The Decarbonization Imperative
Transforming the Global Economy by 2050
Michael Lenox and Rebecca Duff




I MAGINE IT IS THE YEAR 2050. You travel to work in your electric vehicle. At home, the car is powered by a solar panel on your house which is connected to a smart grid that trades electricity so that you have electricity on cloudy days and you power others when you have excess. The home itself is made of and filled with low-carbon materials: mini-mill-produced steel, green cement, sustainable timber, and green plastics. The food on your table comes from sustainable farming that minimizes the need for nitrogen-based fertilizers and includes protein from sources other than beef.

Fanciful? Perhaps. Necessary? Absolutely. Because if we are going to avoid the worst effects of climate change, we are going to need to effectively “decarbonize” the global economy by 2050. Think about this for a second. This doesn’t mean a modest, or even a drastic, improvement in fuel efficiency standards for automobiles. It means 100 percent of the cars on the road being battery-powered electric vehicles or some other non-carbon-emitting powertrain. It doesn’t mean a substantial increase in renewable solar and wind energy. It means 100 percent of our global electricity needs being met by renewables and other zero-carbon-emitting sources such as nuclear power. It means global electrification and material substitution in the industrials sector, eliminating scope 1 emissions—emissions in production—across steel, cement, petrochemicals, the backbone of the global economy. It means electrifying all residential and commercial buildings. It means sustainable farming and preservation of carbon sinks while still feeding a growing global population.

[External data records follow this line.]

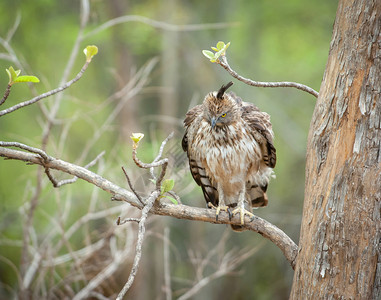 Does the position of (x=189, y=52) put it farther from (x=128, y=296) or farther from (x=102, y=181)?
(x=102, y=181)

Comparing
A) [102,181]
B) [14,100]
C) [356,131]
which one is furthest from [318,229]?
[14,100]

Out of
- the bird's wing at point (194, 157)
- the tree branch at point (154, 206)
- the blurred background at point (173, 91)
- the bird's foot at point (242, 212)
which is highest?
the blurred background at point (173, 91)

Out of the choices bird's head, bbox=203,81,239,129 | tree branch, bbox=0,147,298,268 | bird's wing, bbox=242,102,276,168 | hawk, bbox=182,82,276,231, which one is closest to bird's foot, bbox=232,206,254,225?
hawk, bbox=182,82,276,231

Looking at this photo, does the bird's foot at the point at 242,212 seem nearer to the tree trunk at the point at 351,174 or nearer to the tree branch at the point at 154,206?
the tree branch at the point at 154,206

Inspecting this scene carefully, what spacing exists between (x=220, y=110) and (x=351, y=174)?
1.34 meters

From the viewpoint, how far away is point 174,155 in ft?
12.0

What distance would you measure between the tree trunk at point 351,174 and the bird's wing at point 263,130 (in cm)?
107

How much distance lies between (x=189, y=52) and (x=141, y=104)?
156cm

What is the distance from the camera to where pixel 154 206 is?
253cm

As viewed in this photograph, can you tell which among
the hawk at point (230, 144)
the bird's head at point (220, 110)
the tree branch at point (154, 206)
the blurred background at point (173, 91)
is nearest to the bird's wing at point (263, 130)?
the hawk at point (230, 144)

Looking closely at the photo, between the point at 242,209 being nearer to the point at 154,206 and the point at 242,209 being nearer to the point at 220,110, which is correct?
the point at 220,110

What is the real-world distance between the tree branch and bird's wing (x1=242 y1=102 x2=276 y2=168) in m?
0.71

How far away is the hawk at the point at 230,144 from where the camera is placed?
11.3ft

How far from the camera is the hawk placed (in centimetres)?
344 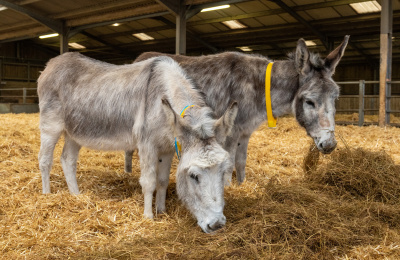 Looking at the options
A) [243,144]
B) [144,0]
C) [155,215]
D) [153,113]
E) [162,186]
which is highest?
[144,0]

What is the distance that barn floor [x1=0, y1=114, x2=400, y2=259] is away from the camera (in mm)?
2963

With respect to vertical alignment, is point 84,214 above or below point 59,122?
below

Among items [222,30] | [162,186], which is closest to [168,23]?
[222,30]

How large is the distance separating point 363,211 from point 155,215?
6.84 feet

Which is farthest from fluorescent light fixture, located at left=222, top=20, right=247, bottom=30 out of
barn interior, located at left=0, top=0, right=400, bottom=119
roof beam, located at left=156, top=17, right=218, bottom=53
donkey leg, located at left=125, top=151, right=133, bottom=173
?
donkey leg, located at left=125, top=151, right=133, bottom=173

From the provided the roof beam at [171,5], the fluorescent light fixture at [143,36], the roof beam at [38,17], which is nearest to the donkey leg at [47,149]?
the roof beam at [171,5]

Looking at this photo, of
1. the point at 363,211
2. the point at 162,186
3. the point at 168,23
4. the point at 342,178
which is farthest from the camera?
the point at 168,23

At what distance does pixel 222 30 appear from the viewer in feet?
65.6

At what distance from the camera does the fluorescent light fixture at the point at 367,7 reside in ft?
49.0

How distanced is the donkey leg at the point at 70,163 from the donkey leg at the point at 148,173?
4.35 ft

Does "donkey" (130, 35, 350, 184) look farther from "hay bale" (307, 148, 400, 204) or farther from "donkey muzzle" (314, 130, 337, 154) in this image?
"hay bale" (307, 148, 400, 204)

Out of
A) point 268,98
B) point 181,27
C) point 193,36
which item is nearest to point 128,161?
point 268,98

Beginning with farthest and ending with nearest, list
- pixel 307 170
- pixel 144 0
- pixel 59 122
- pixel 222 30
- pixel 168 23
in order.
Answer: pixel 222 30
pixel 168 23
pixel 144 0
pixel 307 170
pixel 59 122

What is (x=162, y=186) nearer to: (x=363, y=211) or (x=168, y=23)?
(x=363, y=211) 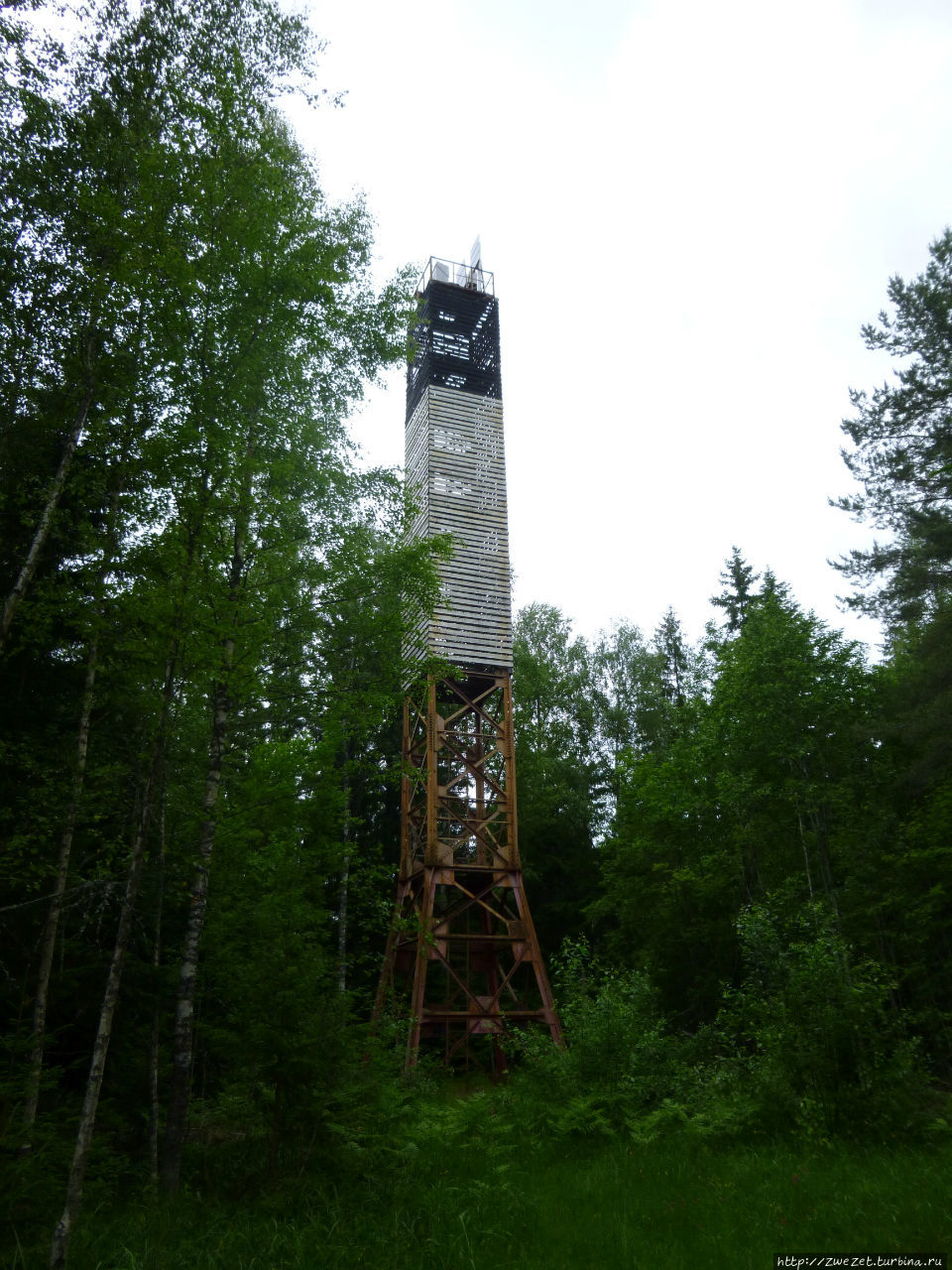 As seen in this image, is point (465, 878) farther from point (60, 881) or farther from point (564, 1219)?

This is the challenge of our age. This book is about how we might realistically get there.


Every day the evidence accumulates. Hurricanes. Floods. Droughts. Extreme weather not observed in anyone’s memory. The five hottest years ever recorded have occurred since 2015.1 By 2020, global average temperature had increased 0.5 degree Celsius compared to the 1986–2005 average.2 Sea levels have risen by five to eight inches on average globally since 1900.3 While these changes are seemingly minor in scale to some, scientists warn that they portend more significant disruptions by the end of the century if action is not taken.

The consensus is near universal among climate scientists. Since the beginning of the industrial age, human activity—in particular, the burning of fossil fuels—has increased the concentration of carbon dioxide and other greenhouse gases in the atmosphere. Prior to the last century, the parts per million of carbon dioxide in the atmosphere varied between 180 and 280 ppm, never exceeding 300 ppm. In 2013, carbon dioxide concentration passed 400 ppm and continues to grow unabated.4 This increased concentration precipitates the greenhouse effect, by which these gases trap solar radiation coming to earth from the sun, leading to global warming and changing the climate in regions throughout the world.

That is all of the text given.